Segment Open

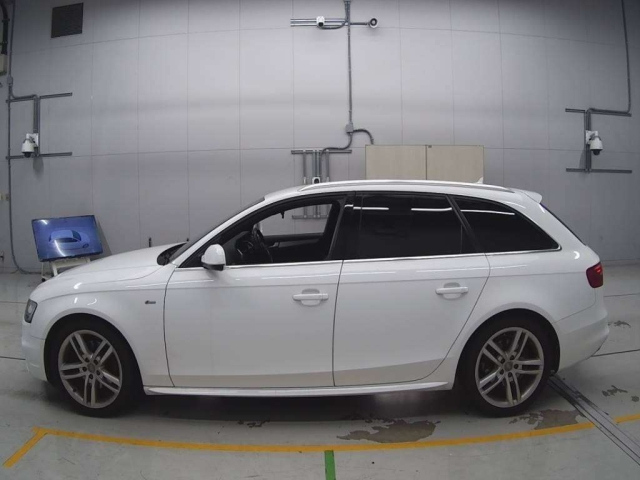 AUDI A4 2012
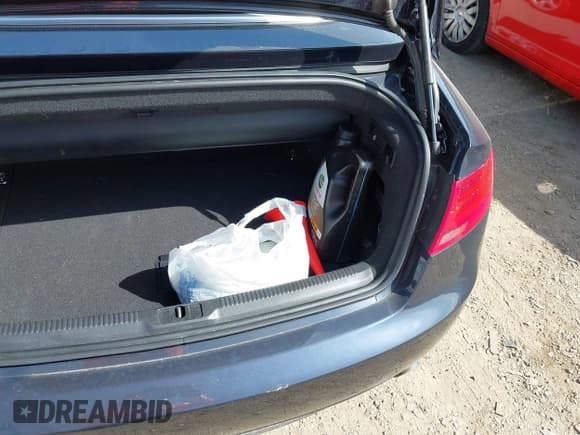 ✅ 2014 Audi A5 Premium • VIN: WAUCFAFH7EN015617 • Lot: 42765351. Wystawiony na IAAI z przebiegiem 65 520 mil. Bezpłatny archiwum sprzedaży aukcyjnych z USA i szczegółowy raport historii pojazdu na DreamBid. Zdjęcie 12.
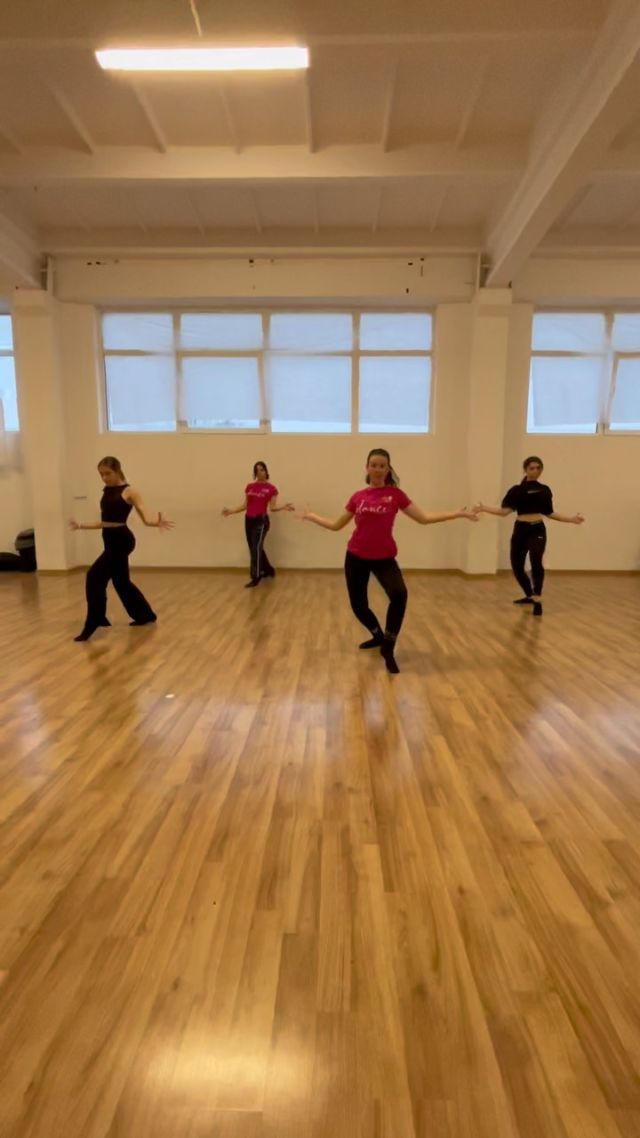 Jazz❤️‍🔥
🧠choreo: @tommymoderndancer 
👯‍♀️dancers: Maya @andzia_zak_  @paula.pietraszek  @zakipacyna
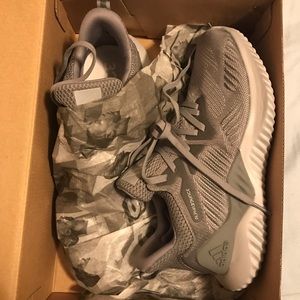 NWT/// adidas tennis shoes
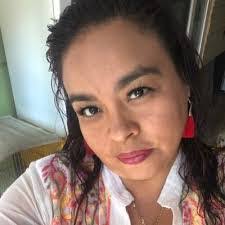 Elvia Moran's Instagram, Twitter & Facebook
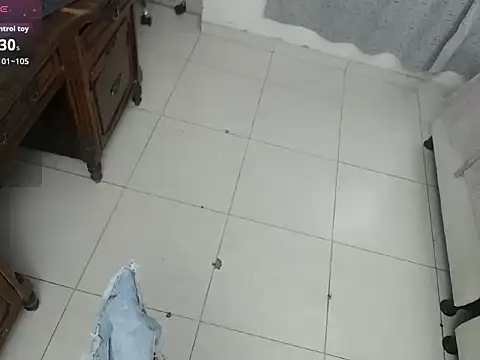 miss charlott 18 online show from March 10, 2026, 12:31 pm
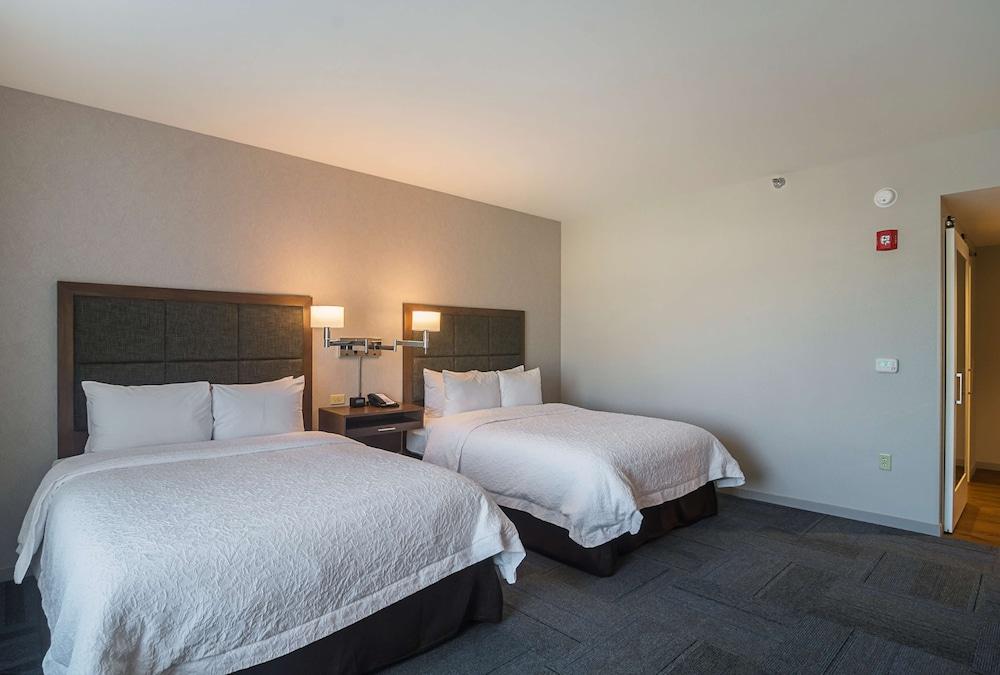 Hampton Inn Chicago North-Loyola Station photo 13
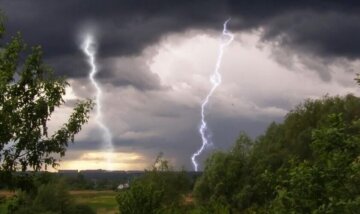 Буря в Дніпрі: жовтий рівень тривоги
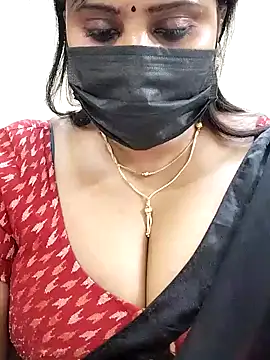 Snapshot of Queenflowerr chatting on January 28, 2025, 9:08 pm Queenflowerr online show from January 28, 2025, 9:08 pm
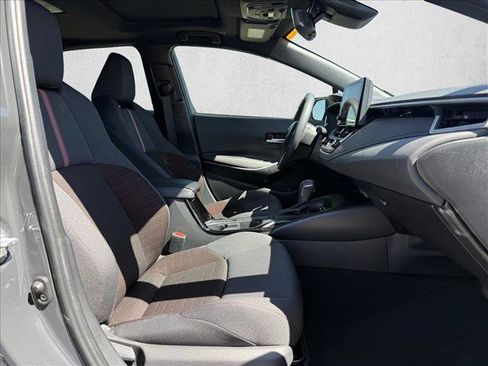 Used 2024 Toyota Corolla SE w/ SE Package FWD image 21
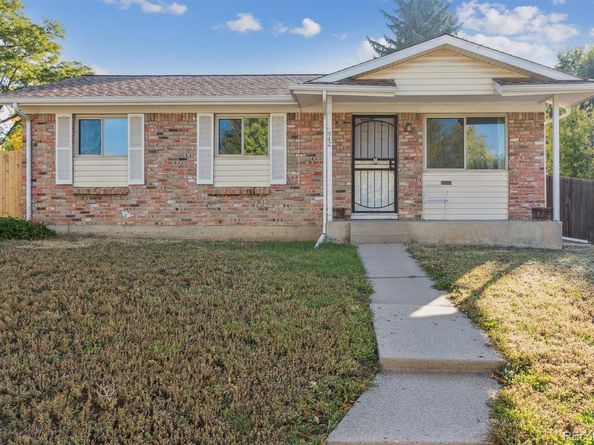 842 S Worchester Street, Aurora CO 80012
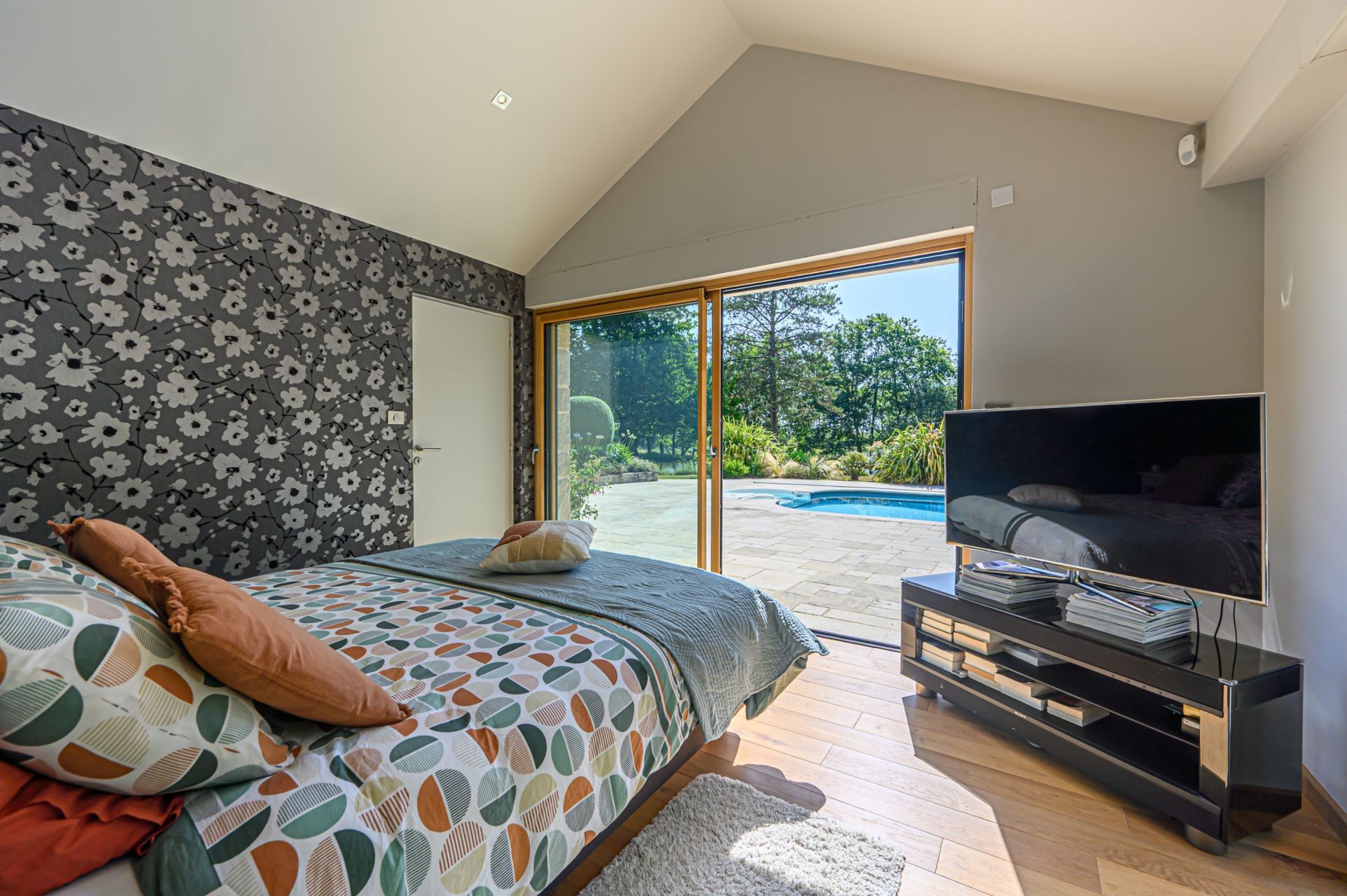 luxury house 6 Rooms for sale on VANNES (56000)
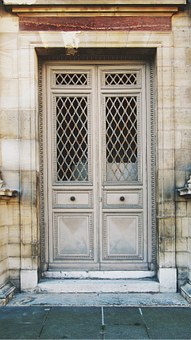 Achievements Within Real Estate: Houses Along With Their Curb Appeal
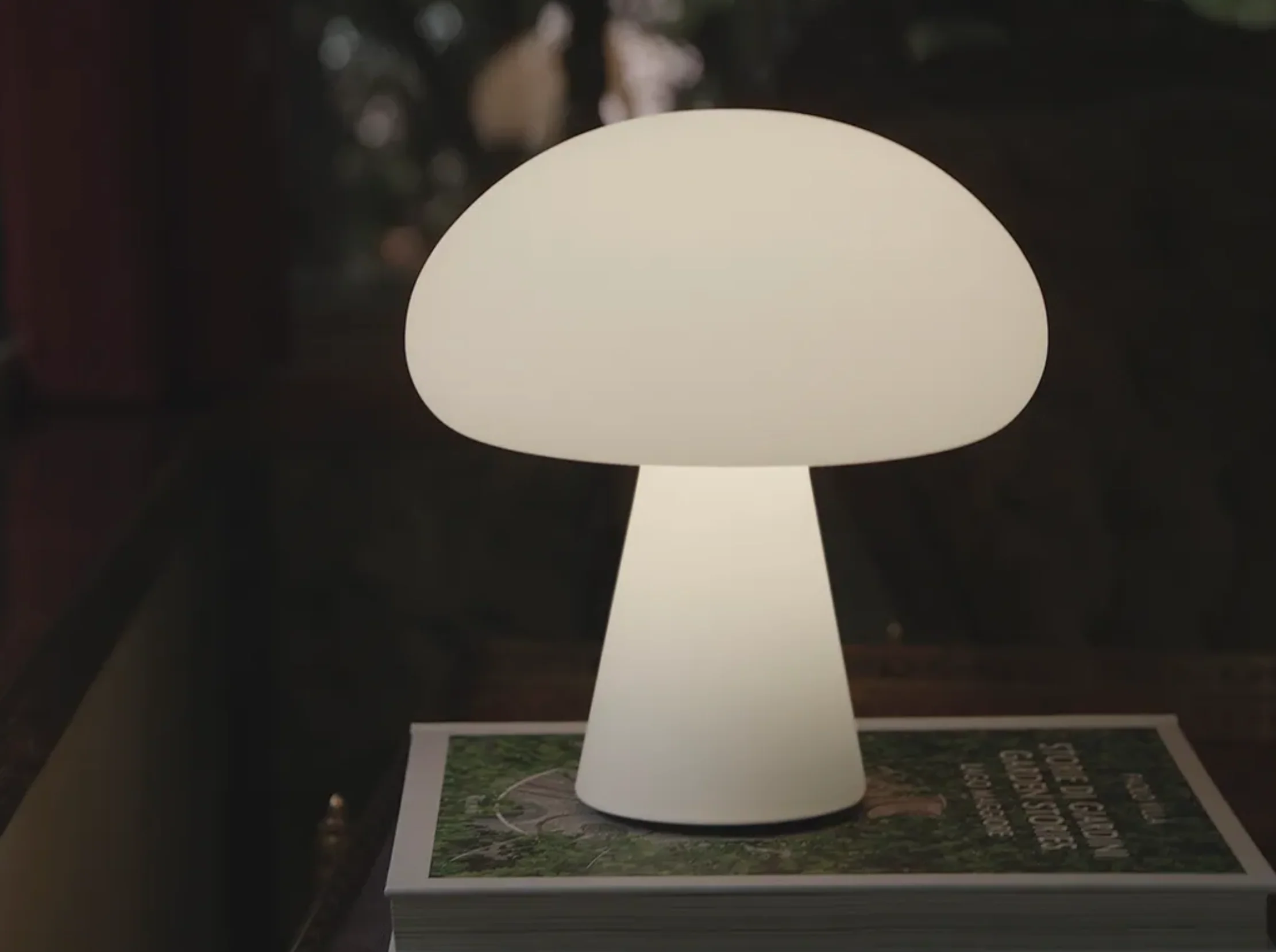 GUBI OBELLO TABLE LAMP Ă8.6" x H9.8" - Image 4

Segment Closed

_What you have to do_.
Leaving out only the pictures, reproduce the listing exactly.

_Response to this exercise_.
 AUDI A4 2012
 ✅ 2014 Audi A5 Premium • VIN: WAUCFAFH7EN015617 • Lot: 42765351. Wystawiony na IAAI z przebiegiem 65 520 mil. Bezpłatny archiwum sprzedaży aukcyjnych z USA i szczegółowy raport historii pojazdu na DreamBid. Zdjęcie 12.
 Jazz❤️‍🔥
🧠choreo: @tommymoderndancer 
👯‍♀️dancers: Maya @andzia_zak_  @paula.pietraszek  @zakipacyna
 NWT/// adidas tennis shoes
 Elvia Moran's Instagram, Twitter & Facebook
 miss charlott 18 online show from March 10, 2026, 12:31 pm
 Hampton Inn Chicago North-Loyola Station photo 13
 Буря в Дніпрі: жовтий рівень тривоги
 Snapshot of Queenflowerr chatting on January 28, 2025, 9:08 pm Queenflowerr online show from January 28, 2025, 9:08 pm
 Used 2024 Toyota Corolla SE w/ SE Package FWD image 21
 842 S Worchester Street, Aurora CO 80012
 luxury house 6 Rooms for sale on VANNES (56000)
 Achievements Within Real Estate: Houses Along With Their Curb Appeal
 GUBI OBELLO TABLE LAMP Ă8.6" x H9.8" - Image 4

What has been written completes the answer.